Extract the whole listing as it stands. Do not include the pictures.

## Collected data
◆ ◆ ◆

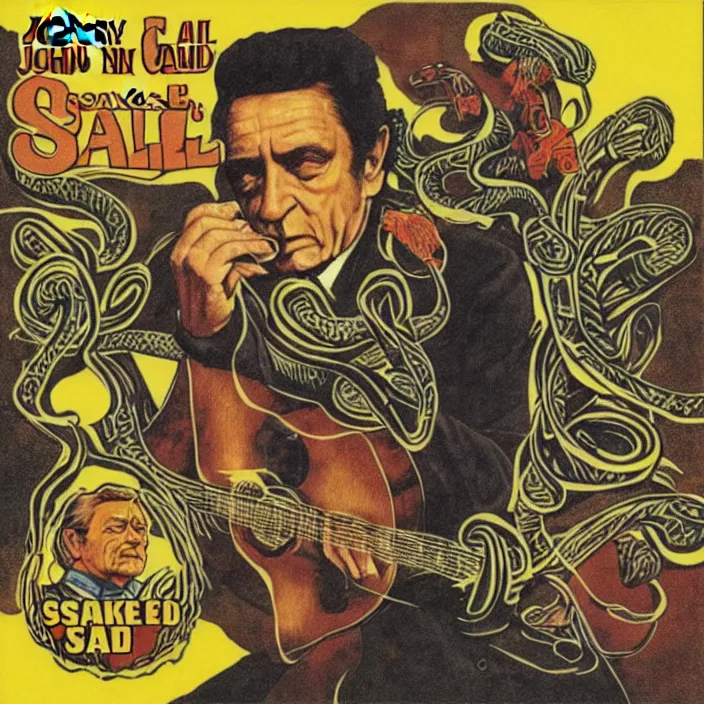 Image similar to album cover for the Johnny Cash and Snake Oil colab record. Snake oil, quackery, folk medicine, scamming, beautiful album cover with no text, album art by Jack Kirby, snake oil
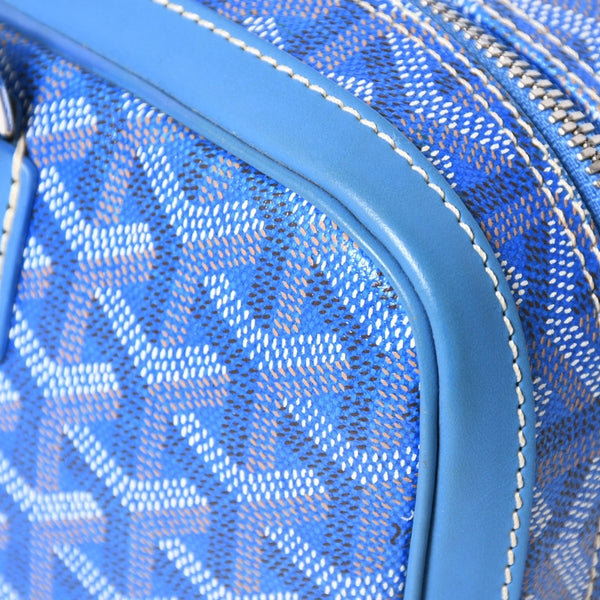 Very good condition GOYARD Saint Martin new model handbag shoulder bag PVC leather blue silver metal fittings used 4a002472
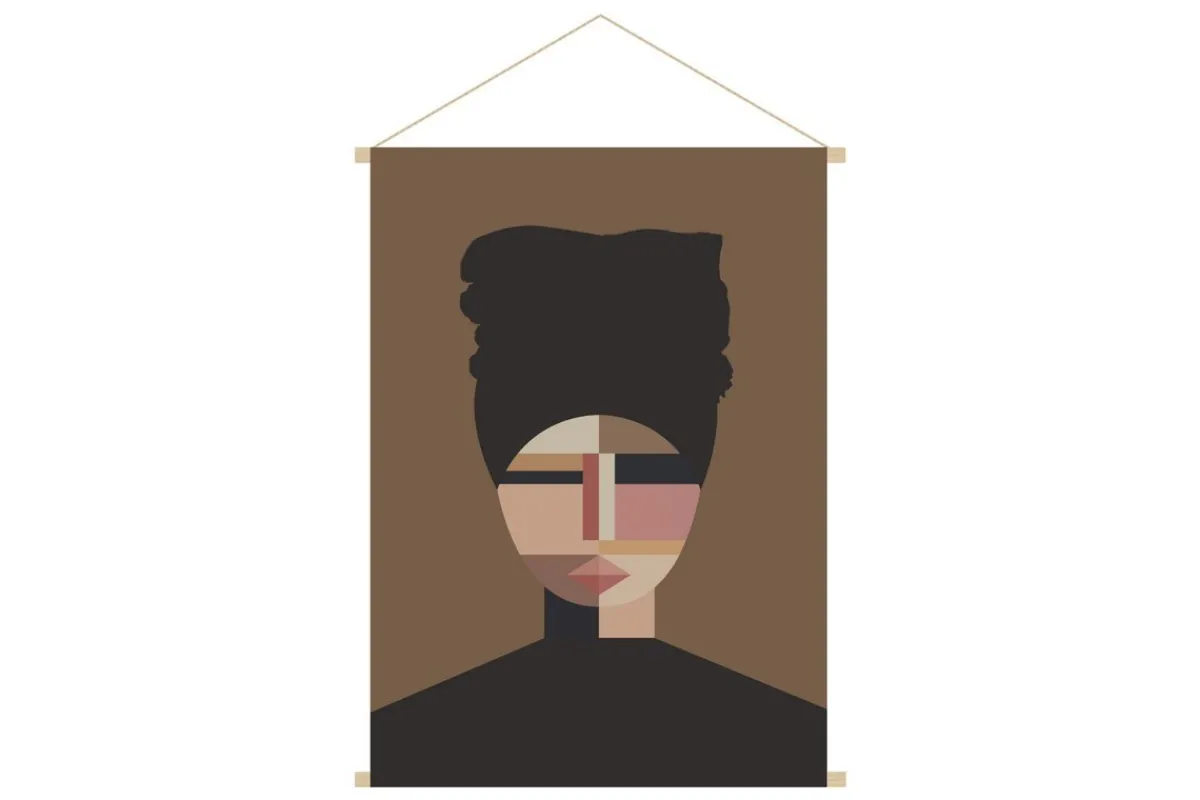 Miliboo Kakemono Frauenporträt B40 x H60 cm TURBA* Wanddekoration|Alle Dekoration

◆ ◆ ◆

## Finished task
 Image similar to album cover for the Johnny Cash and Snake Oil colab record. Snake oil, quackery, folk medicine, scamming, beautiful album cover with no text, album art by Jack Kirby, snake oil
 Very good condition GOYARD Saint Martin new model handbag shoulder bag PVC leather blue silver metal fittings used 4a002472
 Miliboo Kakemono Frauenporträt B40 x H60 cm TURBA* Wanddekoration|Alle Dekoration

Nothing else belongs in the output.